The keys could even be pre generated whenever cycles aren't used to
speed up the process (this is most probably a better solution). We
would then have machines that can generate identical OTP keys given a
synchronization cue based on an initial machine state.
That's not a OTP. Shannon's proof of security of the OTP does not
apply to your proposal. You've got a stream cipher, at best.
This makes me wonder now that I'm thinking about OTP again. I'm sure
work has been done on it already, but what about using keys that are
larger than the text to encrypt?
Since it is easier in practice to use pseudo random data than to
generate random data which is then distributed as appropriate, would
encrypting messages à la OTP with 'pseudo random data' using a key
greater than the message make any sense to increase security, given
that the data be scrambled evenly across and maybe padded with
additional bogus data all the way up to the lenght of the key (maybe by
using the bogus data to determine how the plain text message should be
distributed amongst the bogus data)?
This process is akin to steganography except the message is known to be
encrypted amongst a sea of junk.
I'm thinking pseudo generated key and bogus data:
Bogus Data: POQ9YDK3REEVJHHHZ8LE
H position 1 in bogus data
E position 15 in bogus data
L position 14 in bogus data
L position 9 in bogus data
O position 4 in bogus data
Bogus Data + Text: HOQOYDK3LEEVJLEHZ8LE
Encryption by XORing Key to Bogus Data + Text
How cryptographically strong is such a scheme (it would of course
depend on the pseudo random data generation)?

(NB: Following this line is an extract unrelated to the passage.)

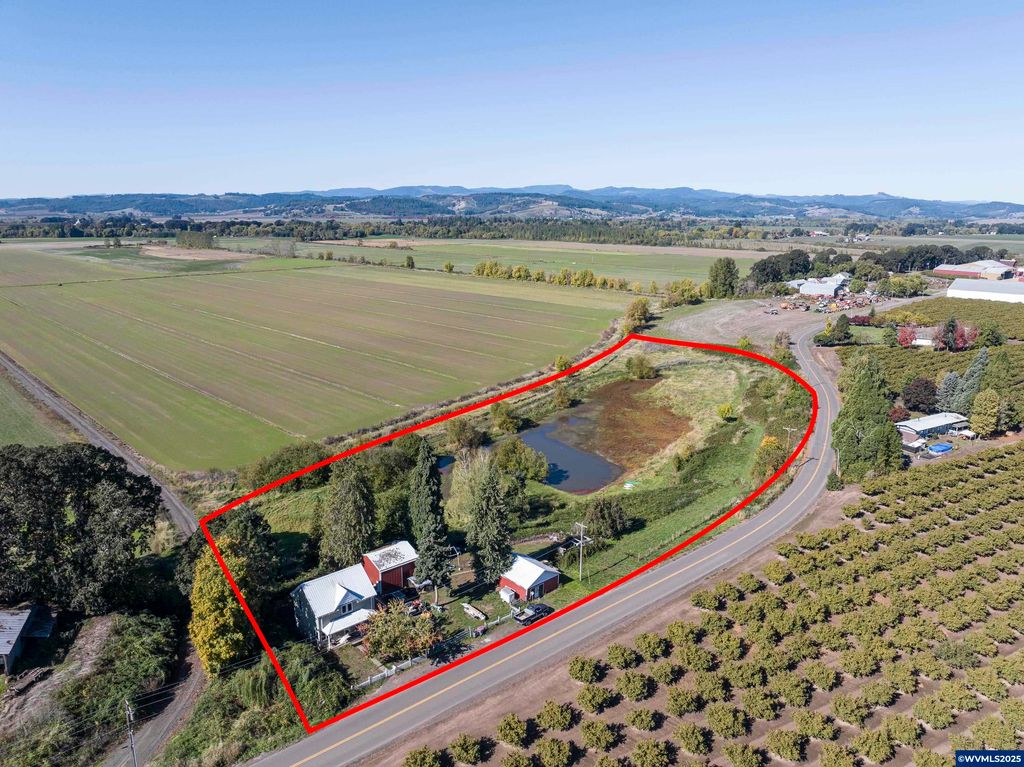 Image 2 of property listing at 19800 SW Briedwell Rd, Mcminnville, OR 97128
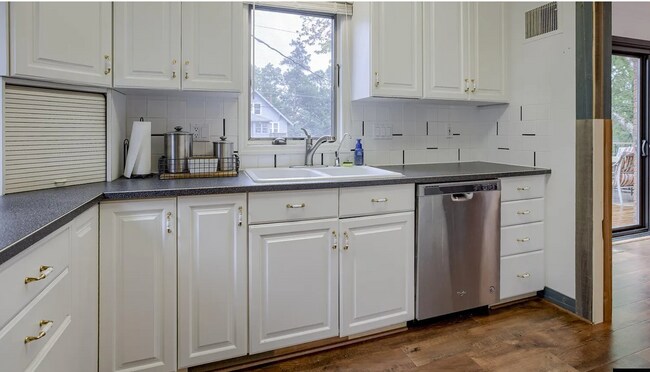 Building Photo - 2115 S 61st St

BOB has a virtual machine with a certain rotor settings and generated a
pseudo random key and pseudo random bogus data.
ALICE also has a virtual machine with the same rotor settings which
means she can generate the same two pseudo random key and bogus data.

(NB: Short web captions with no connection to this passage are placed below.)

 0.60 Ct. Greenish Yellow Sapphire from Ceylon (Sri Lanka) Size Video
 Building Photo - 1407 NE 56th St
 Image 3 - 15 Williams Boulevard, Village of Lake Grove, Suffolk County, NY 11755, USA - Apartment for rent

So she has all the information she needs to decrypt the message and
All of this of course, depends on the initial rotor states being
unknown to the attackers. Would it matter If the algorithm was known?,
I'm not certain it would, but do you think it would it be 'easy' to
derive the properties of pseudo random data generation to try and
extrapolate the initial rotor position?